My current job is to push pears on a conveyor belt half a foot forward and to make sure the machine doesn’t jam approximately every forty seconds for ten hours a day. I also pick out the rotten, squishy, bug bitten pears. I see pears the size of cherry tomatoes, sweet potatoes, and as round as oranges. They can be white, orange, red and brown, but all of them smell like chlorine. Needless to say, it’s also very, very repetitive.
Julie’s mantra has me thinking. My purpose right now is to get my visa for another year in Australia. Every morning when I wake up, my purpose is to get ready for work so I can succeed. I practice this every day by eating good food, laughing, listening to music, making an effort to talk to friends and fam at all hours of the day. My world at this packing shed is very small, and it’s worth mining all the good out of this experience so I make it through the next two months.
And I can do it. Saving up, planning my next adventure. Making an effort to maintain the friendships in my life, be creative.
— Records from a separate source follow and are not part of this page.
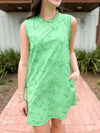 green dress with floral applique and scallop detail 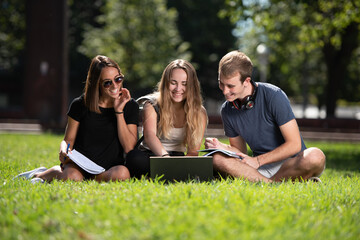 Three smiling college students learning and working together in a laptop while sitting on the ground of a park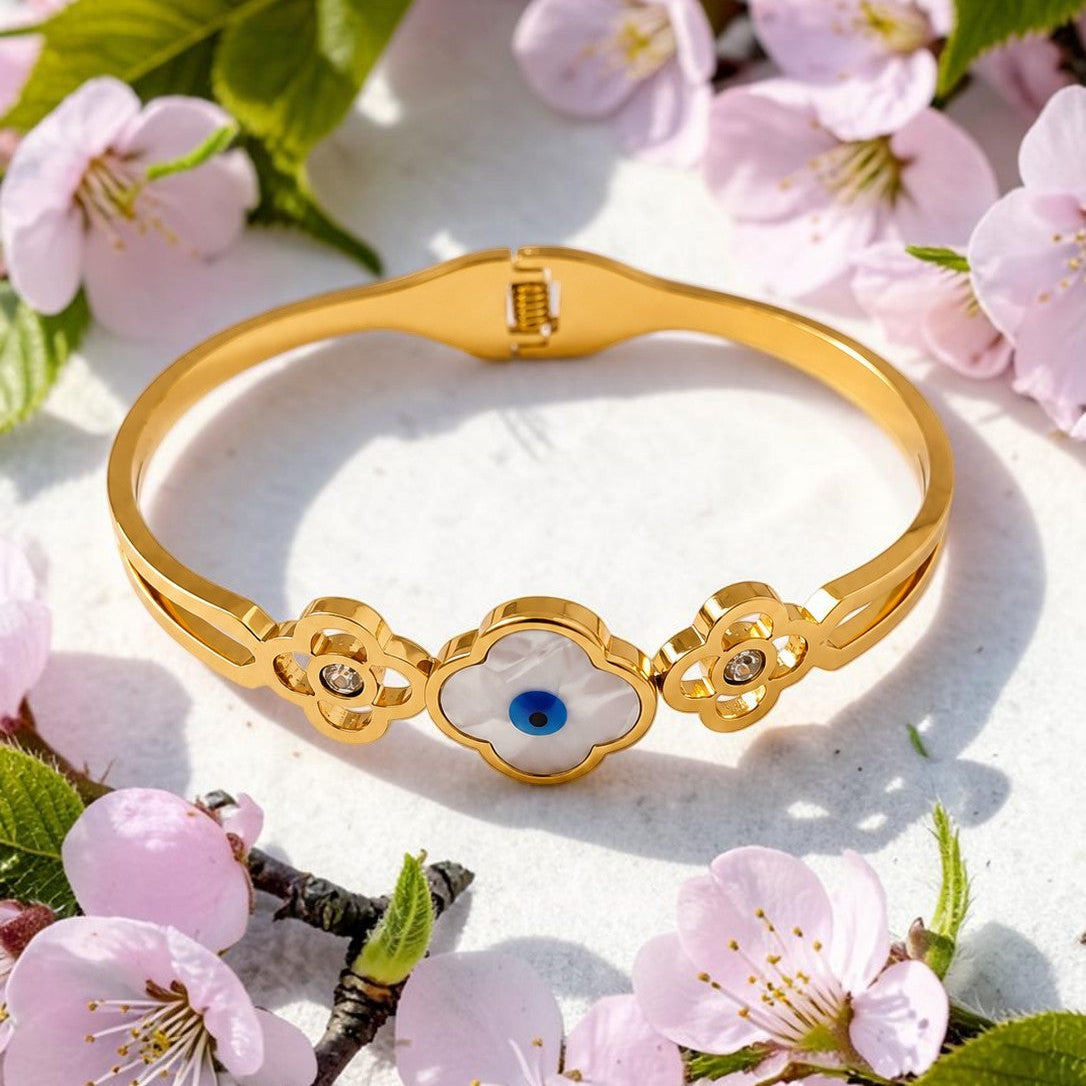 Golden bracelet with a blue gemstone on a white surface with pink flowers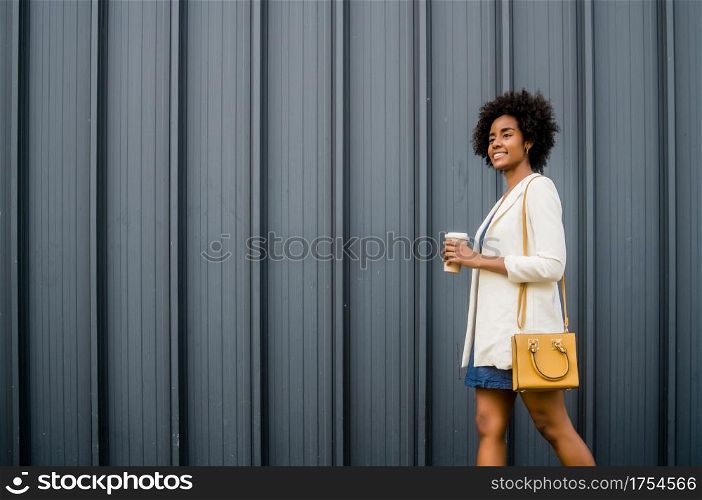 Portrait of afro business woman holding a cup of coffee while walking outdoors on the street. Business and urban concept.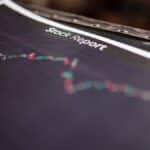 Detailed stock report showing market trends on paper charts.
When I decided to come to Australia, I told myself I had a year to figure out exactly what the hell I wanted to do with my degree and my career. The question “what is my purpose?” daunted me. I thought pressing pause on my life and moving around the world might help. But with each passing week in Oz, I panicked. I still hadn’t decided what I wanted to do and I wasn’t making any personal progress on why I came here.
Until the lovely Julie started saying several times a day, remember why you’re doing this. And I was left alone uninterrupted for hours afterward. Remember why you’re here.
What’s your purpose? The visa. With the added joy of saving lots of money. For Ryan. For the experience to travel, to give yourself time. For the visa. For the visa.
By the time I graduated last May, I was on autopilot. I was fed up with planning and school. My Grandpa passed away as soon as I started my job back at the city. I was miserable and had no motivation about anything really in my life. All I had going on just sort of ended.
My life right now isn’t like that. My current job forces me to put one foot in front of the other. At the end of the day, I’m mentally able to walk away from work and focus on the next thing, which is a big improvement over my other jobs that left me a giant ball of stress. Now, I can focus on myself.